Generate tail call opcode

c# recursion tail-recursion f# cil

Out of curiosity I was trying to generate a tail call opcode using C#. Fibinacci is an easy one, so my c# example looks like this:

    private static void Main(string[] args)
    {
        Console.WriteLine(Fib(int.MaxValue, 0));
    }

    public static int Fib(int i, int acc)
    {
        if (i == 0)
        {
            return acc;
        }

        return Fib(i - 1, acc + i);
    }

If I build it in release and run it without debugging I do not get a stack overflow. Debugging or running it without optimizations and I do get a stack overflow, implying that tail call is working when in release with optimizations on (which is what I expected).

The MSIL for this looks like this:

.method public hidebysig static int32 Fib(int32 i, int32 acc) cil managed
{
    // Method Start RVA 0x205e
    // Code Size 17 (0x11)
    .maxstack 8
    L_0000: ldarg.0 
    L_0001: brtrue.s L_0005
    L_0003: ldarg.1 
    L_0004: ret 
    L_0005: ldarg.0 
    L_0006: ldc.i4.1 
    L_0007: sub 
    L_0008: ldarg.1 
    L_0009: ldarg.0 
    L_000a: add 
    L_000b: call int32 [ConsoleApplication2]ConsoleApplication2.Program::Fib(int32,int32)
    L_0010: ret 
}

I would've expected to see a tail opcode, per the msdn, but it's not there. This got me wondering if the JIT compiler was responsible for putting it in there? I tried to ngen the assembly (using ngen install <exe>, navigating to the windows assemblies list to get it) and load it back up in ILSpy but it looks the same to me:

.method public hidebysig static int32 Fib(int32 i, int32 acc) cil managed
{
    // Method Start RVA 0x3bfe
    // Code Size 17 (0x11)
    .maxstack 8
    L_0000: ldarg.0 
    L_0001: brtrue.s L_0005
    L_0003: ldarg.1 
    L_0004: ret 
    L_0005: ldarg.0 
    L_0006: ldc.i4.1 
    L_0007: sub 
    L_0008: ldarg.1 
    L_0009: ldarg.0 
    L_000a: add 
    L_000b: call int32 [ConsoleApplication2]ConsoleApplication2.Program::Fib(int32,int32)
    L_0010: ret 
}

I still don't see it.

I know F# handles tail call well, so I wanted to compare what F# did with what C# did. My F# example looks like this:

let rec fibb i acc =  
    if i = 0 then
        acc
    else 
        fibb (i-1) (acc + i)


Console.WriteLine (fibb 3 0)

And the generated IL for the fib method looks like this:

.method public static int32 fibb(int32 i, int32 acc) cil managed
{
    // Method Start RVA 0x2068
    // Code Size 18 (0x12)
    .custom instance void [FSharp.Core]Microsoft.FSharp.Core.CompilationArgumentCountsAttribute::.ctor(int32[]) = { int32[](Mono.Cecil.CustomAttributeArgument[]) }
    .maxstack 5
    L_0000: nop 
    L_0001: ldarg.0 
    L_0002: brtrue.s L_0006
    L_0004: ldarg.1 
    L_0005: ret 
    L_0006: ldarg.0 
    L_0007: ldc.i4.1 
    L_0008: sub 
    L_0009: ldarg.1 
    L_000a: ldarg.0 
    L_000b: add 
    L_000c: starg.s acc
    L_000e: starg.s i
    L_0010: br.s L_0000
}

Which, according to ILSpy, is equivalent to this:

[Microsoft.FSharp.Core.CompilationArgumentCounts(Mono.Cecil.CustomAttributeArgument[])]
public static int32 fibb(int32 i, int32 acc)
{
    label1:
    if !(((i != 0))) 
    {
        return acc;
    }
    (i - 1);
    i = acc = (acc + i);;
    goto label1;
}

So F# generated tail call using goto statements? This isn't what I was expecting.

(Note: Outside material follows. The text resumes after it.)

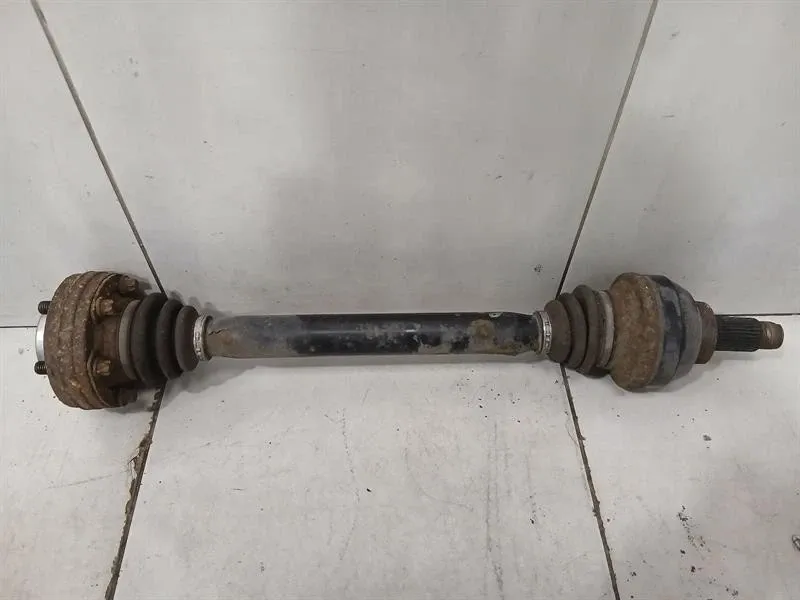 BMW 6 (E63 / E64) BMW 6 Series E63 Drive Shaft Rear Right 2283956 Rear Right Drive Shaft Body type: Coupe
Fuel: Petrol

I'm not trying to rely on tail call anywhere, but I am just curious where exactly does that opcode get set? How is C# doing this?

C# compiler does not give you any guarantees about tail-call optimizations because C# programs usually use loops and so they do not rely on the tail-call optimizations. So, in C#, this is simply a JIT optimization that may or may not happen (and you cannot rely on it).

F# compiler is designed to handle functional code that uses recursion and so it does give you certain guarantees about tail-calls. This is done in two ways:

if you write a recursive function that calls itself (like your fib) the compiler turns it into a function that uses loop in the body (this is a simple optimization and the produced code is faster than using a tail-call)
if you use a recursive call in a more complex position (when using continuation passing style where function is passed as an argument), then the compiler generates a tail-call instruction that tells the JIT that it must use a tail call.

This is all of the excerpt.